Роберто Боланьо – это я

Но идентификация – это когда кажущееся чем-то этим и оказывается, а при этом казавшаяся базовой и фундаментальной «реальность» оказывается фиктивной, фикцией.

Леон Богданов

1. Есть один писатель, которому я страшно завидую.

Впрочем, я завидую многим писателям.

Например, Сэмюэлю Беккету, – я завидую не только его несравненным произведениям, но и его атлетическому телосложению (когда-то в Париже в книжном магазине я видел фото Беккета с обнажённым торсом и чуть не умер от зависти).

Ещё я завидую Пушкину, потому что его можно читать в любом возрасте и в любом настроении, и он всегда возвращает тебя в исконный возраст и в искомое настроение.

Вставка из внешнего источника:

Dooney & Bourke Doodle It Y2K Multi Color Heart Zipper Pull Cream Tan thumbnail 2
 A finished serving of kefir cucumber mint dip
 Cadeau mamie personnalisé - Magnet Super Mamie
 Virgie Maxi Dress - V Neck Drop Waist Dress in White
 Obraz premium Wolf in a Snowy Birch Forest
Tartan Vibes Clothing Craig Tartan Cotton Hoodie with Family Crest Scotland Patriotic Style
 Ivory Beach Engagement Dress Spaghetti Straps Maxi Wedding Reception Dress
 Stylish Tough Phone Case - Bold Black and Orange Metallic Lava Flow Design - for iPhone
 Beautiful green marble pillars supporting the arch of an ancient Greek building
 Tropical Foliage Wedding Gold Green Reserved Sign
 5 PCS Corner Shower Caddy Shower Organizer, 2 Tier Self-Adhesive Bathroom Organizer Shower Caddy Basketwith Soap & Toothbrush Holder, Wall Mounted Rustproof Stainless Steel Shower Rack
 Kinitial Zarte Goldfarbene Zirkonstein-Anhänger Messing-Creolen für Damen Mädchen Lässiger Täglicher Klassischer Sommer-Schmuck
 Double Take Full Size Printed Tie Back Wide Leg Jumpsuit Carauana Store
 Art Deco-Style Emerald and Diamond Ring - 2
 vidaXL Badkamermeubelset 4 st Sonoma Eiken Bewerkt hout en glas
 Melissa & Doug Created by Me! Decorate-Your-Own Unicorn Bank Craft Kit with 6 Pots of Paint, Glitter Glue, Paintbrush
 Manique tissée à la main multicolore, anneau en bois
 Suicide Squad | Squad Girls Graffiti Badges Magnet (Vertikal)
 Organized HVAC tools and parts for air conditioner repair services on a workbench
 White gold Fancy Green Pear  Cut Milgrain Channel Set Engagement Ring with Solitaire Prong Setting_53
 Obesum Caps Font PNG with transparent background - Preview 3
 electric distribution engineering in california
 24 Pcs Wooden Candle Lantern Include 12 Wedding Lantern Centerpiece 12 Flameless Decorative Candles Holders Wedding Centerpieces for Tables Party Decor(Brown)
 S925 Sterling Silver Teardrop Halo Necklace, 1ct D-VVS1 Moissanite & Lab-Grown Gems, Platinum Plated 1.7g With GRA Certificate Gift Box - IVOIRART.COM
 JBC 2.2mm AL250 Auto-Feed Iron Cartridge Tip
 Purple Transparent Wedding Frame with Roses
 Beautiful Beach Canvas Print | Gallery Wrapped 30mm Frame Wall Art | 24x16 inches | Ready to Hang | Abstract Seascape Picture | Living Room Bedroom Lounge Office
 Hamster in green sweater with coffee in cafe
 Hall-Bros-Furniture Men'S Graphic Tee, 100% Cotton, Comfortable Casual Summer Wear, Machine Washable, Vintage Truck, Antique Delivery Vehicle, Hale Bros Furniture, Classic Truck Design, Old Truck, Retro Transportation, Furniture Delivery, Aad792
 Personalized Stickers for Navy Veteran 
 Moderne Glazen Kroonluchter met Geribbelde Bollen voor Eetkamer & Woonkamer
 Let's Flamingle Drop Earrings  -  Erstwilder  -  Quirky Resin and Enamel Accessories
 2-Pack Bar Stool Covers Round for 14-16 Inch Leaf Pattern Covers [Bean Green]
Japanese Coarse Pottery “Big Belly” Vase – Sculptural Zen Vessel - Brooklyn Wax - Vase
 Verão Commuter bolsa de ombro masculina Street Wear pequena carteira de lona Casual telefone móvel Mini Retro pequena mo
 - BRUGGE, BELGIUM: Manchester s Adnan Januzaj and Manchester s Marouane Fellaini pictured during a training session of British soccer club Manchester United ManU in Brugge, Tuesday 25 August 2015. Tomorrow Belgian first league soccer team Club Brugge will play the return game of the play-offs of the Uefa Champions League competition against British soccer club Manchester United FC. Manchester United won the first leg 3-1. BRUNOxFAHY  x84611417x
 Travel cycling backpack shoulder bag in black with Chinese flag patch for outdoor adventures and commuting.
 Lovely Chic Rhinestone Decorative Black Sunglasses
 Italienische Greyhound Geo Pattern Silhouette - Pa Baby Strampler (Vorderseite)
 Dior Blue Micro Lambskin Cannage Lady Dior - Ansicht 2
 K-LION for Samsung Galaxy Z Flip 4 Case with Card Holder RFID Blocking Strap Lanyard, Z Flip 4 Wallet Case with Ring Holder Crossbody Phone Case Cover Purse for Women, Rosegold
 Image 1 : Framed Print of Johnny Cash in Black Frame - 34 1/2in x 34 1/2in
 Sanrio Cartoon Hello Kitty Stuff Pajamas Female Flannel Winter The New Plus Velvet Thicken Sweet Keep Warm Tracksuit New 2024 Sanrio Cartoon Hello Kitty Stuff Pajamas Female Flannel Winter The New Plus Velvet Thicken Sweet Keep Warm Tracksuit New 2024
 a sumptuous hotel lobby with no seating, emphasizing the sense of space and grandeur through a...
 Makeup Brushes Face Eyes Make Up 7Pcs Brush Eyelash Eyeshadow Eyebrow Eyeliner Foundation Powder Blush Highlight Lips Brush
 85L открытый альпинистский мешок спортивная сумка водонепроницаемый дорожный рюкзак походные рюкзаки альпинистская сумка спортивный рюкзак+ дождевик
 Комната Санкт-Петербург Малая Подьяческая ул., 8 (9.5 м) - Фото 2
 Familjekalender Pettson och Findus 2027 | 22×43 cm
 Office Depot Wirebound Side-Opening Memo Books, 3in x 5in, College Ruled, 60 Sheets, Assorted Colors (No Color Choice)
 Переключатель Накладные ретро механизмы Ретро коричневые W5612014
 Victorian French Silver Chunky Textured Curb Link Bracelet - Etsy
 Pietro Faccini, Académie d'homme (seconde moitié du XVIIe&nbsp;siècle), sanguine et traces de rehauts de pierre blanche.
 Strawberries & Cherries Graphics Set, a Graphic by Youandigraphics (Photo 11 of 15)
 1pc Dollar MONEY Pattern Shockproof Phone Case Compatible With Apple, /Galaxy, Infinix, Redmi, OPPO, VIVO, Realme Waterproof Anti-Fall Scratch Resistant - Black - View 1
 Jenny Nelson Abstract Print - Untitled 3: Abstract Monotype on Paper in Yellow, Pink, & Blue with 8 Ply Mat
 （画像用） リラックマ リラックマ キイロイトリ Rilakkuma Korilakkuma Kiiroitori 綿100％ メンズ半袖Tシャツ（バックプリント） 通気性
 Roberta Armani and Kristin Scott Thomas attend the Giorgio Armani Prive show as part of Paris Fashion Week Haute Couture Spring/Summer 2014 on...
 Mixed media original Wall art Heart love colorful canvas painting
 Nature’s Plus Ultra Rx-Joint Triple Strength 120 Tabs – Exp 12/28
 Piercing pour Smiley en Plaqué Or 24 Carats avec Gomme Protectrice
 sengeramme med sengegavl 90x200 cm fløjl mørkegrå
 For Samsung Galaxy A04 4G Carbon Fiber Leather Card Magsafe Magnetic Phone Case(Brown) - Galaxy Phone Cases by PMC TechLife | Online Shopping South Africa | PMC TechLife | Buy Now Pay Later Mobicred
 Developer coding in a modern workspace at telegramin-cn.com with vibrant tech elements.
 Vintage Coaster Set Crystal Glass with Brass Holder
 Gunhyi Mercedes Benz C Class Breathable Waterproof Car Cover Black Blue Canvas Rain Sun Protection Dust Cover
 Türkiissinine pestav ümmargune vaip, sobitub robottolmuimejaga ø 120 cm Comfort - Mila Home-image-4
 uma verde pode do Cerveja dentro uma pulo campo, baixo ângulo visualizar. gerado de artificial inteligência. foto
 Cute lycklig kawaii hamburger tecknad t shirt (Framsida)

Ещё я завидую Фолкнеру – ведь у него была его Йокнапатофа, в которой он мог делать всё что ему необходимо.

Настоящий писатель делает только то, что необходимо, а вовсе не всё, что пожелает.

Также я завидую Шахерезаде с её сказками и ещё Шарлю Перро, братьям Гримм, А. Н. Афанасьеву, Карло Коллоди, Хансу Кристиану Андерсену, Вильгельму Гауфу и вообще всем сказочникам, потому что считаю сказку наивысшим словесным жанром, но больше всего я завидую анонимным народным сказочникам, ибо они не нуждались ни в публикаторах, ни в бумаге, ни в ручке, а только в чьём-нибудь доброжелательном ухе, готовом услаждаться их потешными и страшными историями.

Честно говоря, я завидую всем писателям, которые не заботились о публикации своих опусов.

И, конечно, я завидую Юрию Олеше: завидую его повести «Зависть», написанной им в молодости, после чего он уже ничего не мог написать, потому что оказался беззащитен перед всё более наглеющей властью, которая зажала его, как и всех остальных писателей, в своём удушающем кулаке, хотя Олеша всё же изловчился, на минутку высвободился и написал сказку «Три толстяка», которая очень мне нравилась в детстве, а потом снова ничего не писал, а просто сидел и пил водку в ресторане гостиницы «Метрополь» и отпускал язвительные замечания в адрес других писателей, но в то же время писал свою книгу «Ни дня без строчки», – вернее, не книгу, а гнигу: что-то вроде дневника, вроде воспоминаний, наблюдений и размышлений, ведь он прекрасно понимал, что никакая книга уже невозможна, что время книги прошло и наступило время жизни и смерти.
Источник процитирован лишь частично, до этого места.